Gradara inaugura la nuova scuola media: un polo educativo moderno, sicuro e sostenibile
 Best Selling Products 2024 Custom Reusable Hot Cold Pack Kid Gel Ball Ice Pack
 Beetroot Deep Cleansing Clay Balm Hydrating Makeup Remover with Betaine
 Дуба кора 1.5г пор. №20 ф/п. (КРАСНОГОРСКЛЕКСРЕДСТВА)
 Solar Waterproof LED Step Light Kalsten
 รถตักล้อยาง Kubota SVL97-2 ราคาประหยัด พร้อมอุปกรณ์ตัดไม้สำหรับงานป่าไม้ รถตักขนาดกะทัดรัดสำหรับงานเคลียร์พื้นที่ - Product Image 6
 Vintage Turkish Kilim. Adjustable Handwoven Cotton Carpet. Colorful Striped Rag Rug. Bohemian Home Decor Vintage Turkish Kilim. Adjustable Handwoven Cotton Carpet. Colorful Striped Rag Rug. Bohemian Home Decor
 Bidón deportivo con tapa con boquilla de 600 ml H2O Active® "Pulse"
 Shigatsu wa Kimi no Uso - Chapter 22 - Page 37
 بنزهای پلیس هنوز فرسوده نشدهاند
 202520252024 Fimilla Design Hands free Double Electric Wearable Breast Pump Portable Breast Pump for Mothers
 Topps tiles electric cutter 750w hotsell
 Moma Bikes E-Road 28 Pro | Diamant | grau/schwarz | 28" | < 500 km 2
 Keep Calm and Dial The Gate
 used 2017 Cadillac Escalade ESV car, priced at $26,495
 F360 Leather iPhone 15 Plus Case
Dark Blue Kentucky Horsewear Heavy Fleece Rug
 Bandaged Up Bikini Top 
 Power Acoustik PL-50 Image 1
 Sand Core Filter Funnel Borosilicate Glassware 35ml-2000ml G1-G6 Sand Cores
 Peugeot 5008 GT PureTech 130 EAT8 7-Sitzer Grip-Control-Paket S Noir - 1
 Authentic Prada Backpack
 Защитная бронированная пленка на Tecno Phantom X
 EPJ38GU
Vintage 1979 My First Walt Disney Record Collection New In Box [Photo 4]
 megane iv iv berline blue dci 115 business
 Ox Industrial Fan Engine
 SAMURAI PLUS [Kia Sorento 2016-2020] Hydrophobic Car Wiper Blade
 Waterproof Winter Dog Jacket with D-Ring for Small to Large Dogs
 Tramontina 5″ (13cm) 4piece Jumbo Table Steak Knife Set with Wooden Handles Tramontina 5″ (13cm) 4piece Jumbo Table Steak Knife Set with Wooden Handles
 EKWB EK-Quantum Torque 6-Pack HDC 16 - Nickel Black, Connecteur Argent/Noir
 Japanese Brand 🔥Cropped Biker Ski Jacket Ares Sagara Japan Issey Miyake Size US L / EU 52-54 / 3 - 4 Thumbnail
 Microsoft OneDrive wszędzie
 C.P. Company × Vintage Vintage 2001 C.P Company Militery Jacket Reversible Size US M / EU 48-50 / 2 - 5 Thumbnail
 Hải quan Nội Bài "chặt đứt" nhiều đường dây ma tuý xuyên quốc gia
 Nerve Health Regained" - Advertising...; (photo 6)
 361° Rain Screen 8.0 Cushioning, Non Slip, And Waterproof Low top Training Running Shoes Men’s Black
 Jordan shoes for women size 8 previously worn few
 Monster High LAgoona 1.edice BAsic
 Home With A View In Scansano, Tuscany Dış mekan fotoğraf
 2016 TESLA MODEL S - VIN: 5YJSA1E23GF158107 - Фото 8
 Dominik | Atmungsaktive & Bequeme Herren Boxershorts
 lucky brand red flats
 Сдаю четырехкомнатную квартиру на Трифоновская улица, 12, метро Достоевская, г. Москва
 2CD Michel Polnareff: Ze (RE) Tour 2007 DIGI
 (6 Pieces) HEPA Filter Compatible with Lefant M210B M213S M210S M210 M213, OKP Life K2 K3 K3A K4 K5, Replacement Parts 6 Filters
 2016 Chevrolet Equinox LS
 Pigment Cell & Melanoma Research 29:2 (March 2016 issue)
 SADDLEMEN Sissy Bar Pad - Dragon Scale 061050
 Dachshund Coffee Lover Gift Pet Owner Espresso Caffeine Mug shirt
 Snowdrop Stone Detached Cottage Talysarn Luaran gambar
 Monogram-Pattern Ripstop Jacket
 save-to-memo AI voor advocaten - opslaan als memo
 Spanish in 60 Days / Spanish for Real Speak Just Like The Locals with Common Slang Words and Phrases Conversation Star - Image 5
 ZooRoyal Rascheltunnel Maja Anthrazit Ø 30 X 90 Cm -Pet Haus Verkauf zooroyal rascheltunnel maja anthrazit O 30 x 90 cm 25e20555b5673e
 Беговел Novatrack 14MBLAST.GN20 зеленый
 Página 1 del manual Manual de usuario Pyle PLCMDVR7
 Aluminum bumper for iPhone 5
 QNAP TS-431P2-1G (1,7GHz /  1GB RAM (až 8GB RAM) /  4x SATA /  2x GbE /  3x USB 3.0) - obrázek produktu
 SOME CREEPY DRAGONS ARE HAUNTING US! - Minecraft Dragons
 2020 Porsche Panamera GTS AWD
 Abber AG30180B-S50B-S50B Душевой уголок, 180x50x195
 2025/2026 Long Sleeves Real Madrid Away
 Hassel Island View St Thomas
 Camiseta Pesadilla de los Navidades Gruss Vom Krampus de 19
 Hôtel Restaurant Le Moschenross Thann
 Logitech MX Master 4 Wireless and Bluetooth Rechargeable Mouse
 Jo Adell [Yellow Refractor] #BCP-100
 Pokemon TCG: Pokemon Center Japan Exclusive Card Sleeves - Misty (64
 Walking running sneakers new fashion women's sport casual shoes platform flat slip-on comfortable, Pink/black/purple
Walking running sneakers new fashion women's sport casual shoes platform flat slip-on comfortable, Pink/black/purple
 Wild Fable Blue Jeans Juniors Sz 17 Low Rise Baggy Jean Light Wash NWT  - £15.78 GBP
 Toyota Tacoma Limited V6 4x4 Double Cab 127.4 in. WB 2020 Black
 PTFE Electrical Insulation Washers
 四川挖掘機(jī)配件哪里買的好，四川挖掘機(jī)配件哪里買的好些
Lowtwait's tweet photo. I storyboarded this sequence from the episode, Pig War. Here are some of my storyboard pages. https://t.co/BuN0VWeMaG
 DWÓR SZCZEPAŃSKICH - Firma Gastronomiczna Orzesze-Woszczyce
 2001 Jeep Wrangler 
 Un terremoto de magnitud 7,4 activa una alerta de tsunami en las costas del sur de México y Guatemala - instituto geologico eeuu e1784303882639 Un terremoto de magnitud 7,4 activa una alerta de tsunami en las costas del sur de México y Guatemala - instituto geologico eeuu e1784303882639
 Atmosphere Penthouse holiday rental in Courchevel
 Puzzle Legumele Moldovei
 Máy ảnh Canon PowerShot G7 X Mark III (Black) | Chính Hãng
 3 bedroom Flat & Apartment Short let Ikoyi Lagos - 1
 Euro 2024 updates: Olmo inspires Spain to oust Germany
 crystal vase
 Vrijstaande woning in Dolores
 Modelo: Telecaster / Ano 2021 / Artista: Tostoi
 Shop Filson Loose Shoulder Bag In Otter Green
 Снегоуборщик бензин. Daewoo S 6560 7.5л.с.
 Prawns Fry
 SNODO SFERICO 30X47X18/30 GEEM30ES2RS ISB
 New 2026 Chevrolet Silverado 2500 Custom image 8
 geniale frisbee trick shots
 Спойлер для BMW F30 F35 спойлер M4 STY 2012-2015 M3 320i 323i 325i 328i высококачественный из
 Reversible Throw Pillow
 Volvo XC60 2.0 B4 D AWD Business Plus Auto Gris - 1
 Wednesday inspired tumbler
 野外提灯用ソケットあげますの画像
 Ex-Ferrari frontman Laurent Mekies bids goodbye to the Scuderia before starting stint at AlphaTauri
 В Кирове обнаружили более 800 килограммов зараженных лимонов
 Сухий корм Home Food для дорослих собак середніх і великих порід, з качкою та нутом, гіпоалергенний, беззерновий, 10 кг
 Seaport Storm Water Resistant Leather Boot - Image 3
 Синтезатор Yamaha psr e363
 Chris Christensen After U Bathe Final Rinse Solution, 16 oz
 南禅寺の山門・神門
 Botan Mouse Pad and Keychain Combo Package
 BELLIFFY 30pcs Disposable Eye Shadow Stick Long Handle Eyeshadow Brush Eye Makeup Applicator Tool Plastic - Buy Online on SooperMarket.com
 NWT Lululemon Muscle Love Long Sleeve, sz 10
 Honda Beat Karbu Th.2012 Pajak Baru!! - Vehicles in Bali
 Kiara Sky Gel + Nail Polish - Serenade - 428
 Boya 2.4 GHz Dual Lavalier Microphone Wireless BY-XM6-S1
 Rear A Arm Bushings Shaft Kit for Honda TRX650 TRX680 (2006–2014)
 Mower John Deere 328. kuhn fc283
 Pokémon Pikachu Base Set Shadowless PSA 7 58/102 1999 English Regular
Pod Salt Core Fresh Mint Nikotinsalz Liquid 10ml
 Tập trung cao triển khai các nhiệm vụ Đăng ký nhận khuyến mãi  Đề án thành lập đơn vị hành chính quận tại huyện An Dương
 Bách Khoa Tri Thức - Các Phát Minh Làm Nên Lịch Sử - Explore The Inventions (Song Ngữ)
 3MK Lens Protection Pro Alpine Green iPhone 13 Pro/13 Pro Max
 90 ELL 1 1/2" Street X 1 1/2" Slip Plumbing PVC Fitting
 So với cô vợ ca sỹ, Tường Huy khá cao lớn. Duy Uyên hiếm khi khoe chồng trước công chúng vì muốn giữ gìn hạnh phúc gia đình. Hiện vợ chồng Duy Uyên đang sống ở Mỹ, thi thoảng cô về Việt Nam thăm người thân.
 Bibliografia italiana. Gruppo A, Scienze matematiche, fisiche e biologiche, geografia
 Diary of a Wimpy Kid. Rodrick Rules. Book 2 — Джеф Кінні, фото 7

——————————

**EXERCISE PROMPT:**
Nothing but a number, please, for how many lines of the data hold "Leather".

**SOLUTION:**
2